Фигура Калашникова, не наследующая никакому понятному стилю, я думаю, вызывает подспудное раздражение своей неузнаваемостью, невозможностью разгадать ее смысл в привычных эстетических окнах.

Я не стану оценивать художественные достоинства и недостатки памятника Калашникову, установленному в 2017 году в Москве, в силу отсутствия необходимых знаний и должной квалификации.

Но поговорить о том, каким был замысел скульптуры и справедлива ли критика в адрес ее автора, мне кажется, можно хотя бы попытаться, поскольку некоторые вещи выглядят вполне очевидными.

Хор раздраженных и даже рассерженных голосов деятелей шансона и других либеральных форматов культуры овеществил своими гневными обличениями лежащий на поверхности концепт: дескать, монумент возвращает к жизни антигуманную советскую стилистику, порожденную апологией военной агрессии.

Глубоко противное устремлениям всего прогрессивного человечества к миру величание стрелкового оружия – это апелляция к темным, низким милитарным инстинктам, русской Психее, чей облик предвечно искажен смутной завистью к чужому успеху, порядку и процветанию, желанием отобрать принадлежащее другому, отнять и подавить, сея повсюду семена разрухи и смерти.

То есть мы имеем весь джентльменский набор традиционных претензий людей света и смысла к людям неразумным, не пробившимся к свету подлинной цивилизации.

Однако мне представляется, что те, кто считает себя представителями чистого и просвещенного знания, как, например, исполнитель некогда популярных куплетов о птице аквамаринового цвета, тоскуют не о пацифистском цветке, которым следовало бы в подобной скульптуре заткнуть смертоносное дуло автомата, а о полном несоответствии скульптуры именно советским канонам, нормативным для вышеупомянутого певца, получившего архитектурное образование.

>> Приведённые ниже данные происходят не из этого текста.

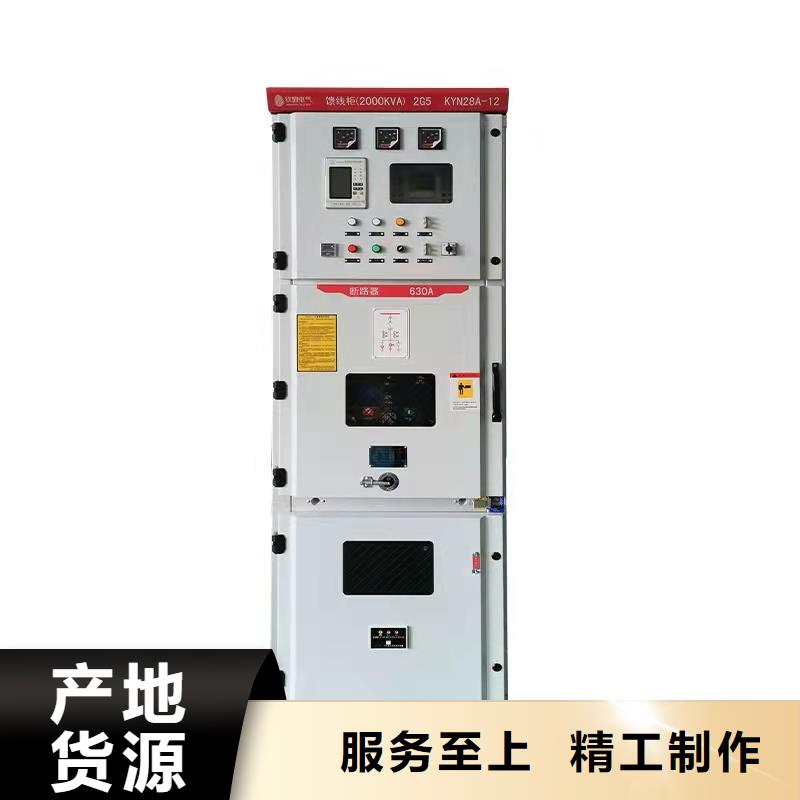 ATS-2双电源配电箱图纸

Памятник как раз решительно выламывается из стилистики коммунистического периода, поскольку акцент в нем сделан не на оружии, а на фигуре изобретателя.

Подчеркнуто цивильный облик Калашникова с заутюженными стрелками на брюках, расслабленный полушаг вперед, совсем не армейский хват оружия – скорее, Калашников держит его на руках, как отец – своего ребенка, – все это как раз и рождает ощущение несообразности, случайности соседства двух героев композиции: человека и автомата.